In a week when the Biden Administration broke new ground with the historic confirmation of Judge Ketanji Brown Jackson to the United States Supreme Court, the White House also had something of a throwback when Barak Obama visited for the first time since 2017.
Obama’s visit marked 12 years since the former President’s signature healthcare policy achievement—the Affordable Care Act (ACA) known informally as Obamacare—was signed into law.
At the joint appearance with his former boss, President Biden also signed an executive order directing federal agencies to identify opportunities and take steps to expand access to and availability of affordable health coverage.
The new order encourages agencies with responsibilities for Americans’ access to care and coverage to make it easier for people to enroll in and maintain coverage, help people understand their options, strengthen the generosity of benefits, improve access to healthcare providers, protect people from low-quality coverage, and expand eligibility and lower costs for public health insurance programs including the ACA, Medicare, and Medicaid. The order also urges agencies help reduce medical debt, a growing problem for millions of Americans.

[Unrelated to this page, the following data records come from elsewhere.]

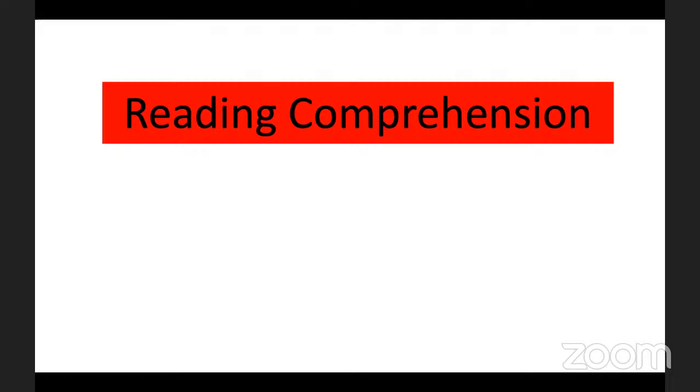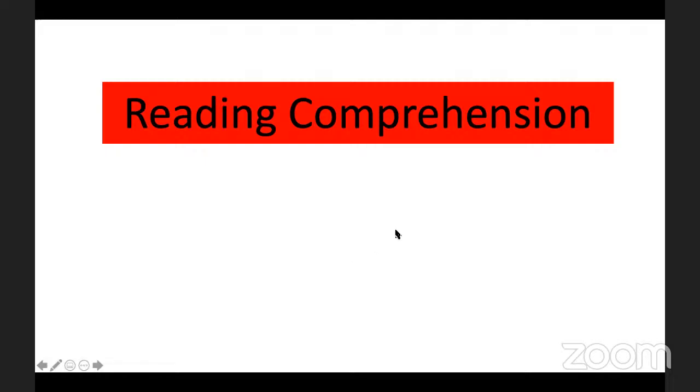Coming back to the session — RC has many questions students face: what strategies should we adopt? Whether we should read the question first or read the passage first. There are basically two strategies. First, you read the questions and then read the passage. Second, you read the passage first and then read the questions. You need to figure out which one works for you.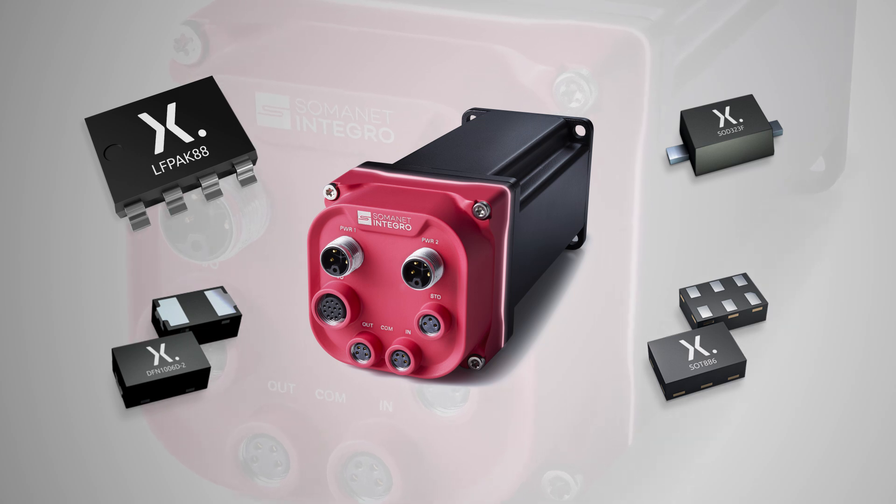To best serve our customers, we also need a secure supply chain. For all of these reasons, we chose the motor control MOSFETs from Nixperia.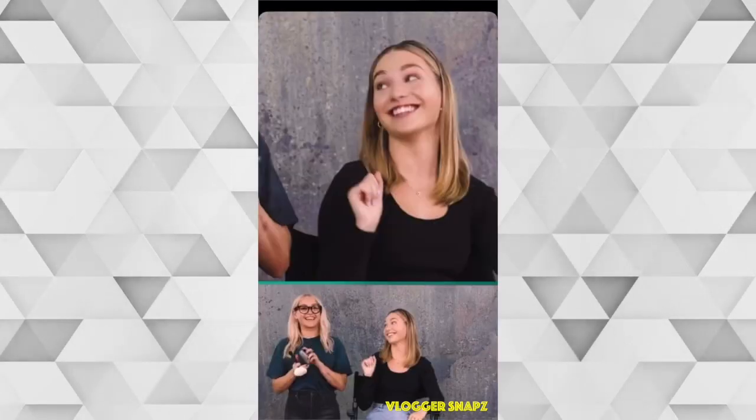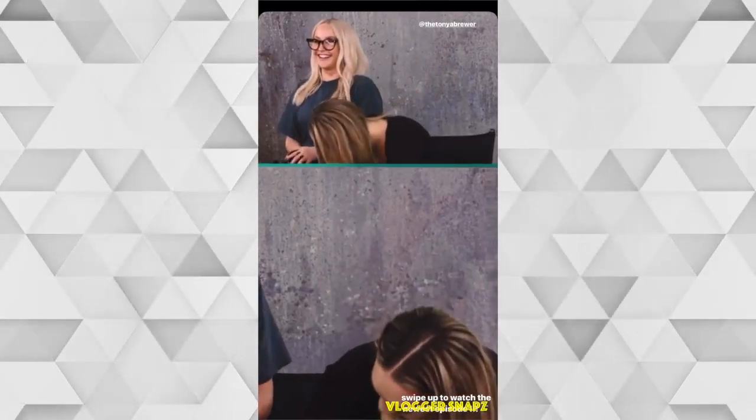Welcome back guys, I'm Maddie and I am Tanya. Okay, take two — or take seven, take a million! Welcome back everyone, I'm Maddie and today we are doing contour, highlight, blush, and powder. Nailed it!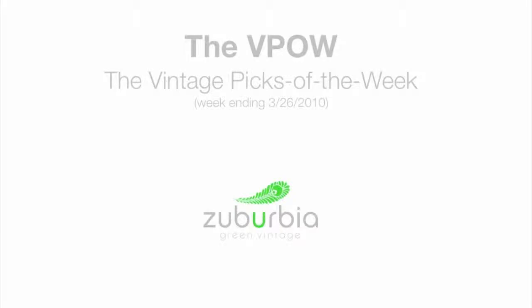Zuberbia Green Vintage proudly presents the Vintage Picks of the Week for the week ending March 26, 2010.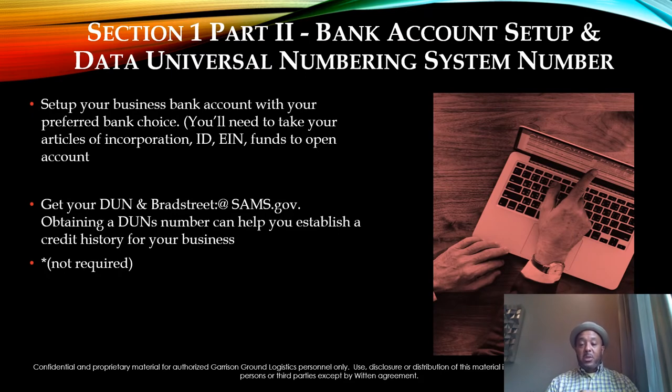Once you get your business registered with your Secretary of State and once you get your EIN number registered — which is free, it doesn't cost a thing — you'll need your LLC registered through the Secretary of State and your EIN, which you can get for free from the IRS website. Shortly after, you'll need to set up your business bank account with a preferred bank of your choice. You'll need your Articles of Incorporation, your LLC paperwork, your ID, your EIN, and two to three hundred dollars to open your business account.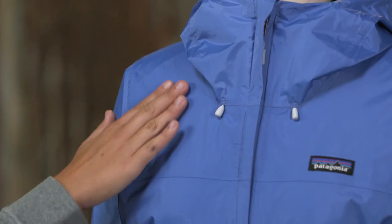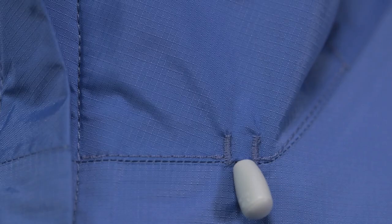Here we have the Women's Torrent Shell Jacket — fully waterproof, breathable, H2No Performance Standard rainwear built to keep you dry in all conditions. We make this two-and-a-half layer jacket with 100% recycled nylon face fabric with a waterproof breathable barrier.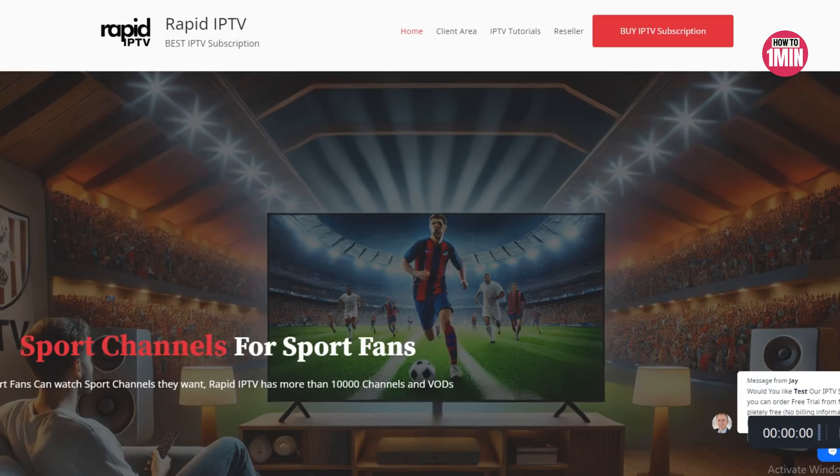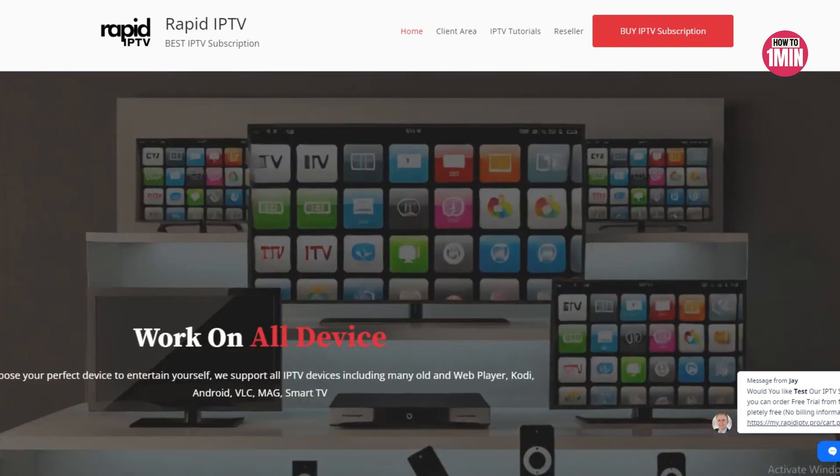The fourth solution is to check for server issues. IPTV services rely on servers to deliver content. If the server hosting your IPTV is down, you won't be able to load channels regardless of your internet connection or device settings.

At the same time, the Administration proposed a new rule to make it easier for people to afford health insurance. In a quirk of the ACA known as the “family glitch,” workers who are offered health insurance through their job but can’t afford it are eligible for subsidies if they purchase health insurance on the Marketplace. But their family members, would be covered by a family plan if the employer-sponsored insurance were affordable, do not qualify for those same subsidies. The glitch leaves family members without good options; they can’t afford to buy into the employer plan and they can’t get help to buy an Obamacare plan.
The Administration estimates that 200,000 uninsured individuals could gain coverage as a result of this fix and that coverage would become more affordable for another one million. It’s unclear if Congressional action will be necessary to make the proposed rule a reality.

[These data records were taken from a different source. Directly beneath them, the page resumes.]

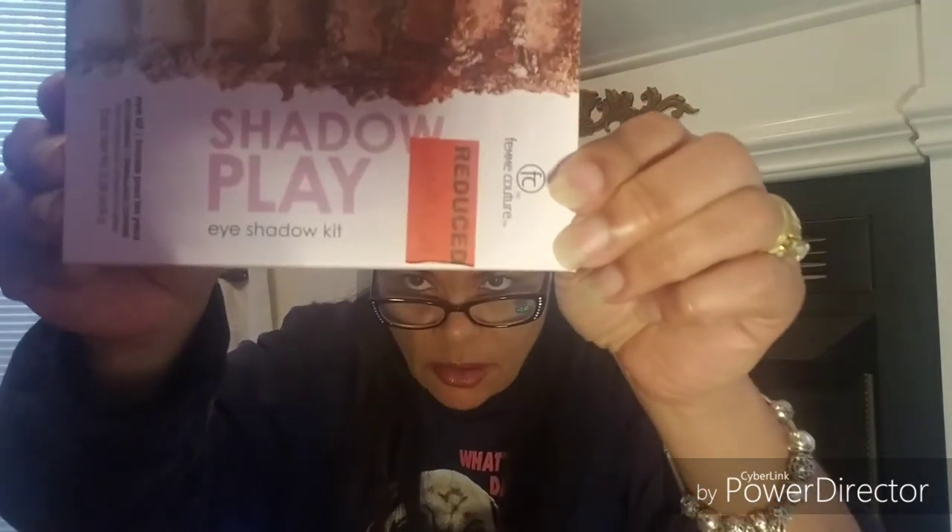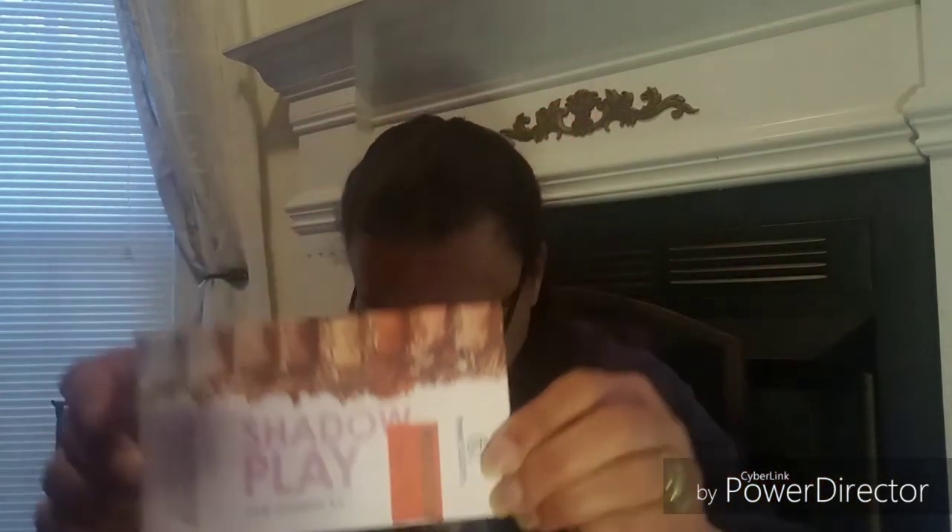Then I saw this eyeshadow kit. It was reduced to $7.49 so I got it for almost four dollars. It's a shadow play eyeshadow kit — I thought it had some beautiful colors and it tells you how to do it. Some of these I might wear.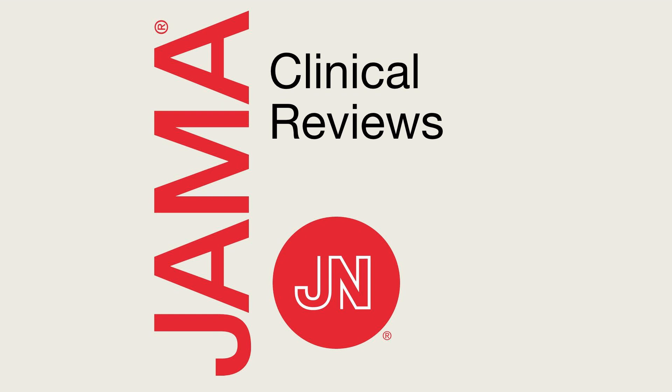This episode was produced by Shelley Steffens at the JAMA Network. The audio team, listed alphabetically, also includes Mary Lynn Ferkaluck, Audrey Foreman, Lisa Hardin, Daniel Morrow, Hannah Park, and Dr. Linda Brubaker, Senior Editor, Multimedia. Thanks for listening.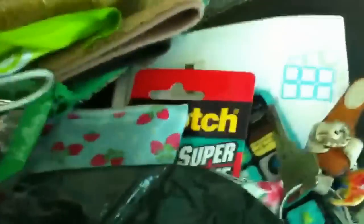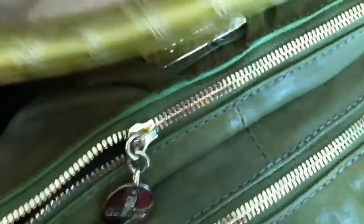My sunglasses and my sunglass case are not in there right now. And here's my wallet. I think it's empty — yeah, I think it's empty now.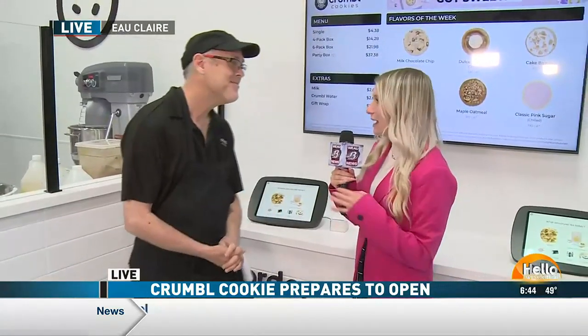Good morning. Good morning. How are you? I'm good, I'm happy to be here. I was hoping you could show me how people can order cookies and get their hands on them if they want to get in here today.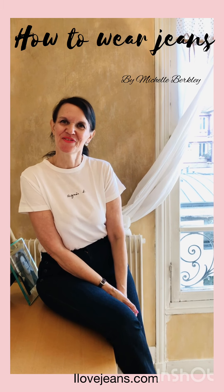Hi, my name is Michelle Barkley, I'm 53 years of age, I'm from Prestwich, Manchester, and I live in Paris in the 16th arrondissement. Sam from ilovejeans.com has asked me to talk you through my three favorite jeans outfits.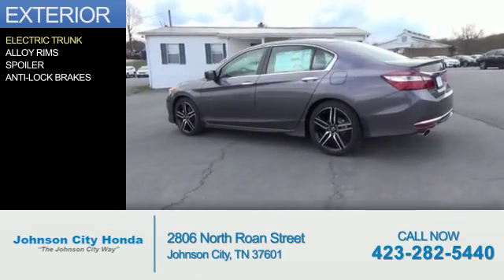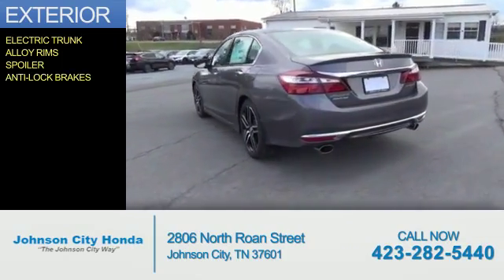The features include electric trunk, alloy rims, a spoiler, and anti-lock brakes.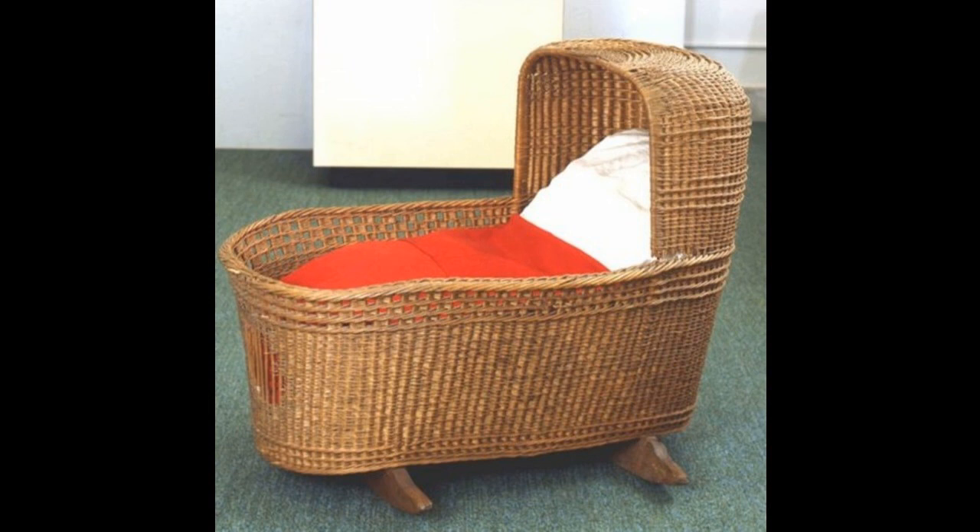Hello, everyone. This is Historiansplaining — a historian tells you why everything you know is wrong. For the 10th installment in my series on the history of the United States and 100 Objects, I'm going to talk about an object called the Peregrine White Cradle, or simply the White Cradle.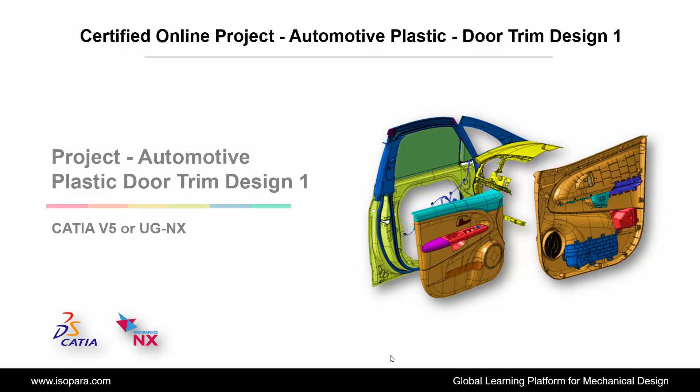Welcome to ISOPARA, a global learning platform for mechanical design. Today we are going to learn about the certified online project of Automotive Plastic Door Trim Design 1 in CATIA or UGNX. Let's begin.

These efforts to improve Americans’ access to health insurance come as millions of Americans face the possibility of losing their coverage when the federal public health emergency (PHE)—instituted at the start of the Covid-19 pandemic and extended several times since then—ends.
For example, the first coronavirus relief package, passed in March 2020, provided federal funds to states that agreed to keep people enrolled in Medicaid during the PHE. The PHE was most recently renewed in January 2022 and is currently set to expire in mid-April if it’s not renewed again. Once the PHE expires, states will lose that additional Medicaid funding and likely seek ways to reduce their Medicaid enrollment.

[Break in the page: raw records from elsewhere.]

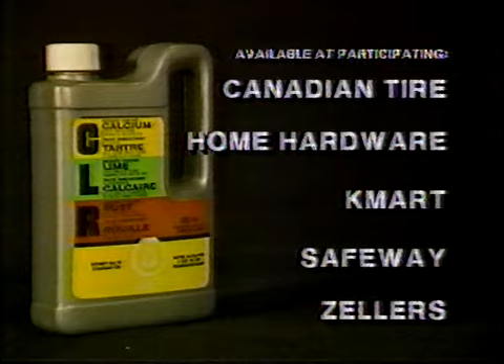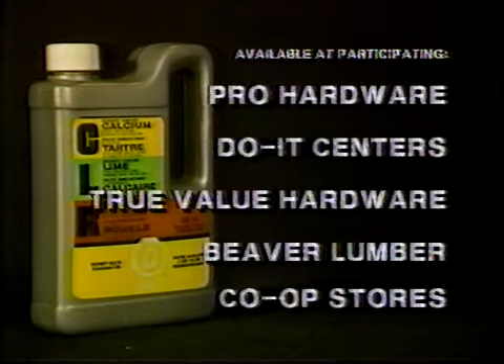Available at participating Canadian Tire, Home Hardware, Kmart, Safeway, Zellers, Pro Hardware, Do It Centers, True Value Hardware, Beaver Lumber, and Co-op Stores.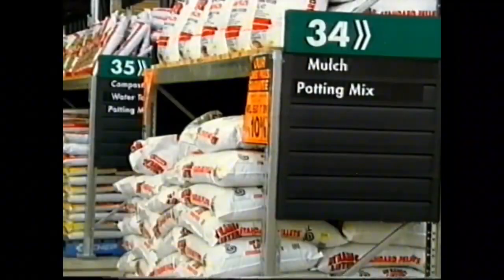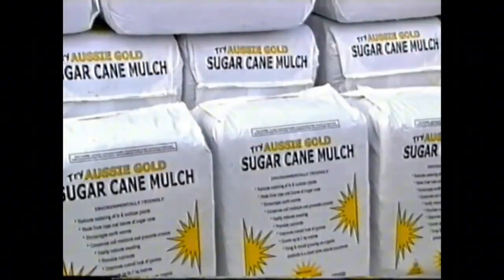To save water in the garden, I'd probably recommend using a soil wetting agent, some water-saving crystals, and definitely putting down some mulch.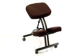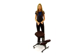If you're looking for a comfortable, ergonomic chair to lessen the pains of extended sitting, you'll love this kneeling posture office chair.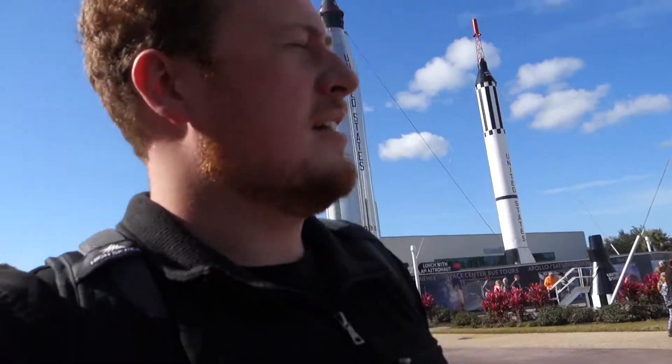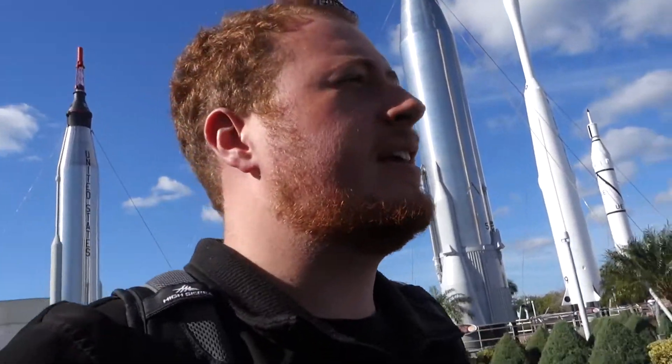We're here at NASA and I'm very, very excited. You can see the rockets behind me. I'm going to go straight to the Atlantis, as my tour guide said.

Another pandemic-era policy that has made health insurance more accessible was the American Rescue Plan, which expanded eligibility for subsidies on Marketplace insurance plans. As a result of this legislation, the Administration says that 9 million Americans have had their premiums lowered by an average of $50 per month. Nearly half of enrollees in Marketplace insurance plans pay no monthly premium.
But several provisions that made coverage more affordable have expiration dates this year; some applied only in 2021.
In the face of these threats to the current coverage rates, the Biden Administration hopes to shore up the ACA and prevent millions of Americans from becoming uninsured due to reduced eligibility or affordability. Obama’s legacy and Biden’s future—not to mention the health and financial well-being of millions of Americana—may be at stake.